Mr. Otis added: "The question is not whether you can avoid errors. The only realistic question in an adult mind is which set of errors you're going to accept. You have to be mature and honest about it, and understand there is the risk of executing an innocent person."
It is certainly true that the primary duty of courts is to get it right, and that a rush to judgment must be avoided. But no such thing happened in the Davis case. Appellate courts looked at it a dozen times over the course of two decades. To my knowledge, not a single judge or Justice took the view that the evidence, then or now, showed that Davis was innocent.
It is also true, as I said and Mr. Schwartz reports, that judges tend to look at recantations with a flinty eye. But this is not because judges are simply crabbed. It's because judges know that recantations are a dime a dozen. Witnesses interviewed many years after the trial, with little or nothing to lose, and having been massaged by defense counsel or counsel's allies or agents in ways unknown, recant at the drop of a hat. I saw this time and again in my career as a federal prosecutor.
The way to test the reliability of a recantation is through examination and cross examination. Here, two of the supposed recanters signed affidavits, but did not appear at the district court's hearing. They could have been called by defense counsel but were not. Among those who did appear, the court determined that, as to several of them, the testimony simply was not credible -- "smoke and mirrors," as the court noted.
Mr. Schwartz is also correct in noting that I said, as I have said many times here and elsewhere, that, human beings and human institutions being fallible, there is a risk of executing an innocent person. But the article missed my main point, which was this: There is a lethal risk whichever way we turn. The judicial system is fallible (although in the post-Gregg era of super due process, the likelihood of error has been considerably reduced). But there is also fallibility -- indeed, experience shows, vastly greater fallibility -- in the corrections system.

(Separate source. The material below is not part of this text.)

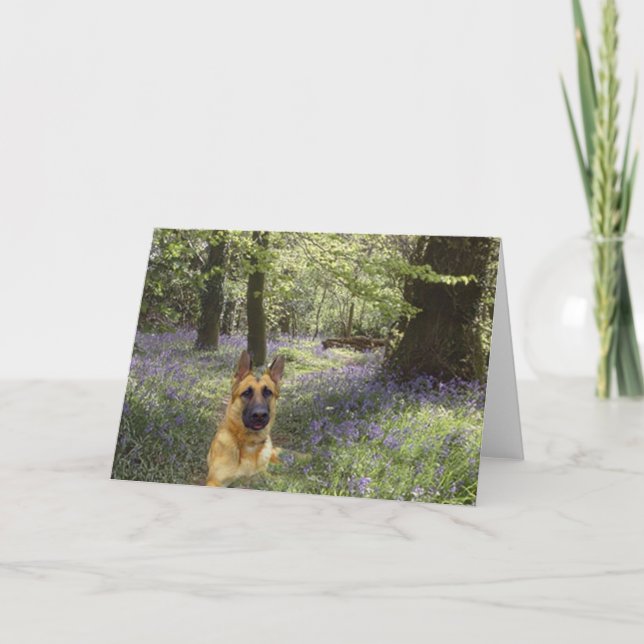 Tarjeta del bosque del pastor alemán (Anverso)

Because of its errors, there is an enhanced likelihood of losing the life of an innocent person when we do not impose the death penalty. Indeed it is not merely a likelihood. It's a matter of documented fact.
This is true mostly when convicted murderers get sent to prison and do it again, this time to another inmate, or a guard, counselor, rival gang member, etc. Murders like that happen frequently; you read about one every few weeks. But it has also happened even when prison security, as usually thought of, works just fine.
The case I gave Mr. Schwartz was one I have cited here, Allen v. Woodford, 395 F.3d 979 (9th Cir. 2005) (I did not, however, give him the citation). The deadly mistake of not executing Allen when it first would have been legally possible is pungently explained (and, in effect, lamented) by a unanimous Ninth Circuit panel in its opinion affirming Allen's later death sentence. It was a death sentence imposed only after Allen had arranged three additional murders while serving his life sentence for the first one. As the Ninth Circuit noted, in an opinion by Clinton-appointed Judge Kim Wardlaw:
Evidence of Allen's guilt is overwhelming. Given the nature of his crimes, sentencing him to another life term would achieve none of the traditional purposes underlying punishment. Allen continues to pose a threat to society, indeed to those very persons who testified against him in the Fran's Market triple-murder trial here at issue, and has proven that he is beyond rehabilitation. He has shown himself more than capable of arranging murders from behind bars. If the death penalty is to serve any purpose at all, it is to prevent the very sort of murderous conduct for which Allen was convicted.
I paraphrased that paragraph in my conversation with Mr. Schwartz because I was unable to recite it verbatim from memory. But the paraphase was very close.
It was, I submit, an incorrect portrayal of my views to cut them off after I said that, when we impose the death penalty, there is a chance of executing an innocent person. At least one additional phrase should have been added, to wit, that there is a considerably greater chance that the law will implicate itself in killing an innocent person if we abolish the death penalty.
Again, while I don't attribute any bad intent to Mr. Schwartz, I very much wish that additional phrase had made it into his article.*
*Minor matter: I was Special White House Counsel for President George H. W. Bush, not President George W. Bush, although I was a political appointee in the DEA during the latter's administration.